Decidí salir, tomé el ascensor y me fui a entregar. El ascensor no llegaba, pues había sido tomado por parte de los funcionarios encapuchados en planta baja. Sin embargo, pasado 10 minutos llegó, bajé y al salir dos patrullas se detuvieron una adelante y otra atrás de mi. El copiloto de la patrulla que estaba adelante baja el vidrio, y me dice "¿carajito cual es la salida?" A lo que respondí que tenían que dar la vuelta y salir por la entrada lateral, pues la otra estaba cerrada. No conocían mi rostro, o no me identificaron.
Inmediatamente subí a mi casa. Mamá me recibió con una bofetada que me sacudió el miedo, e inmediatamente vi alrededor: muebles destrozados, gabinetes en el piso, bibliotecas tumbadas, todo había sido destruido, pues estaban buscando armas de guerra y material subversivo. En mi cuarto habían volteado mi cama, sacado todo del clóset y vaciado mi biblioteca. Se llevaron lo más subversivo que encontraron: dos afiches de Alí Primera, el Manifiesto Comunista y ¿Qué hacer? de Lenin.
En una esquina de mi cuarto, mi hermano de sólo 13 años lloraba de forma nerviosa, pues fue el único de mi familia que estaba cuando la Disip allanó mi casa. Le apuntaron, le introdujeron el cañón de una pistola en la boca, y lo mantuvieron bajo amenaza de muerte durante toda la violación a mi hogar, mi casa, mi espacio familiar.
Yo solo tenía 16 años, cuatro meses y diez días de edad. Perdí mi carrera, pues tempranamente entré a estudiar procesos químicos en el IUT y tuve que suspender los estudios, pues mis padres me sacaron del país gracias a algunos amigos que manejaban los caminos verdes de la frontera, pues la cifra de jóvenes y estudiantes asesinados iba en aumento.
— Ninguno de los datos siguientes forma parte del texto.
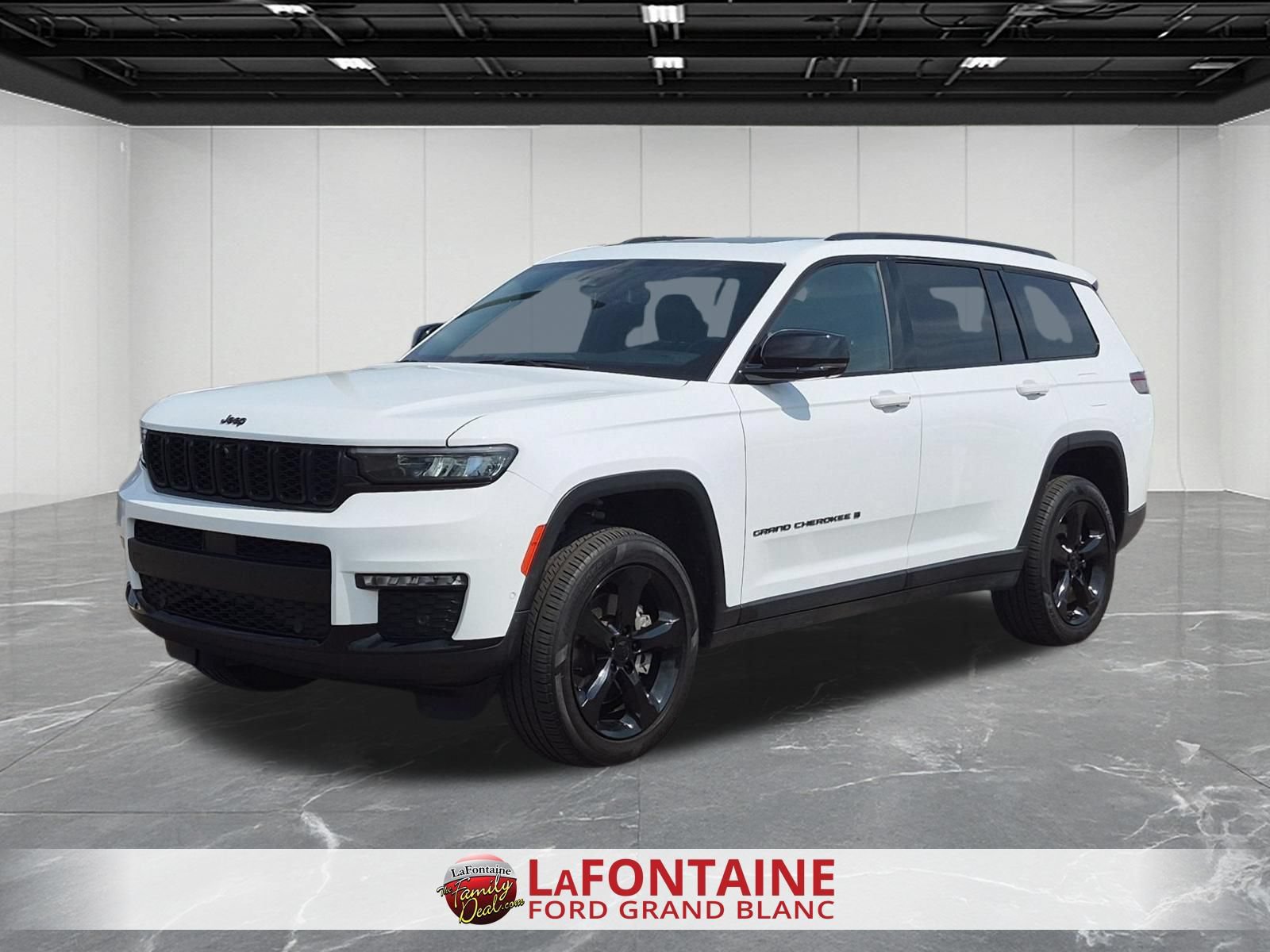 Used 2024 Jeep Grand Cherokee L Limited w/ Luxury Tech Group II
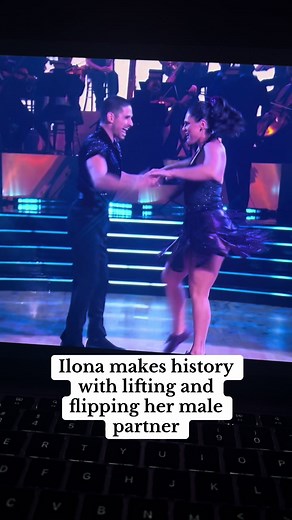 Ilona Maher Makes History on DWTS with Lifting and Flipping Male Partner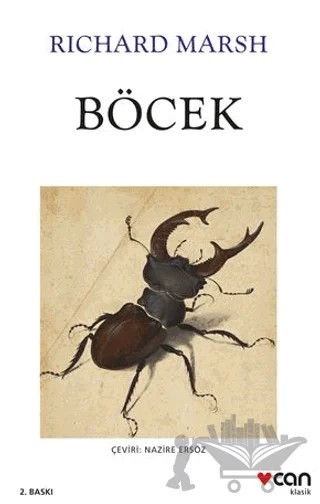 Böcek – Richard Marsh – Can Yayınları kitap kapağı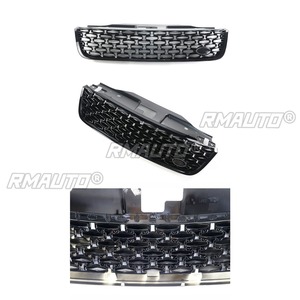 Accesorios para Land Rover Discovery 5 2017-2022, Rejilla Delantera, Rejillas Deportivas, Rejilla para Parachoques, Carcasa para Faros Antiniebla - Product Image 5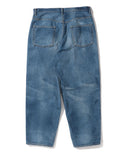 unfil / ワイド テーパード ファイブポケット デニムパンツ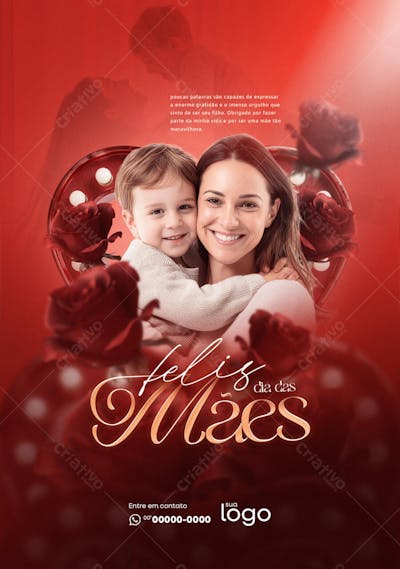 Dia das Mães Social Media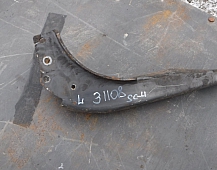 Кронштейн замка кабины скания 1343147 Scania 114 левый Scania R144 DSC1413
Mi familia fue sometida a llamadas intimidatorias, persecuciones, amenazas, en busca de este subversivo estudiante de los noventa que hoy les escribe.
Dos años después, luego de cumplir 18 años de edad, volvieron a mi casa, sin razón, alegando que “actualizaban” expedientes. Me sacaron esposado, por lo que mi madre al verme se desmayó y cayó al piso. Al tratar de ayudarla fui detenido con dos culetazos que uno de los funcionarios de la Disip me dio en la espalda. Mientras me recuperaba de los golpes, vi y escuché como mi madre entre llanto se iba recuperando del shock emocional de ver como me trataban como un delincuente. Mi papá para disimular un poco la pena, me colocó un saco en la espalda que tapara mis manos esposadas. Aún recuerdo los gritos de los vecinos repudiando mi detención, mientras los Disip me exhibían como un premio de caza aquel lunes 9 de octubre de 1995 a las seis de la mañana.
En esa oportunidad estuve preso por 16 días, y querían recluirme en la cárcel de la Planta. Los cargos fueron desestabilización del orden nacional y atentar contra la paz social. Estudiaba el quinto semestre de la carrera de Ciencias Políticas y Administrativas en la Universidad Central de Venezuela. Afortunadamente fui asistido legal y políticamente por el Director de la Escuela de Estudios Políticos y Administrativos y el Director Académico de la Facultad de Ciencias Jurídicas y Políticas de la U.C.V., quienes lograron mi liberación.
Nuevamente se llevaron el material subversivo encontrado en mi casa: El Manifiesto Comunista y  los tres tomos de El Capital de Karl Marx, la Plusvalía Ideológica de Ludovico Silva, y unos tres afiches del Ché Guevara pegados en las paredes de mi cuarto. Vivíamos otros tiempos, y la Era estaba pariendo un corazón. No he cambiando, sigo describiéndome como ese Necio de la canción de Silvio Rodríguez, vertical con mis principios y valores, siempre viendo la realidad desde el mismo ángulo.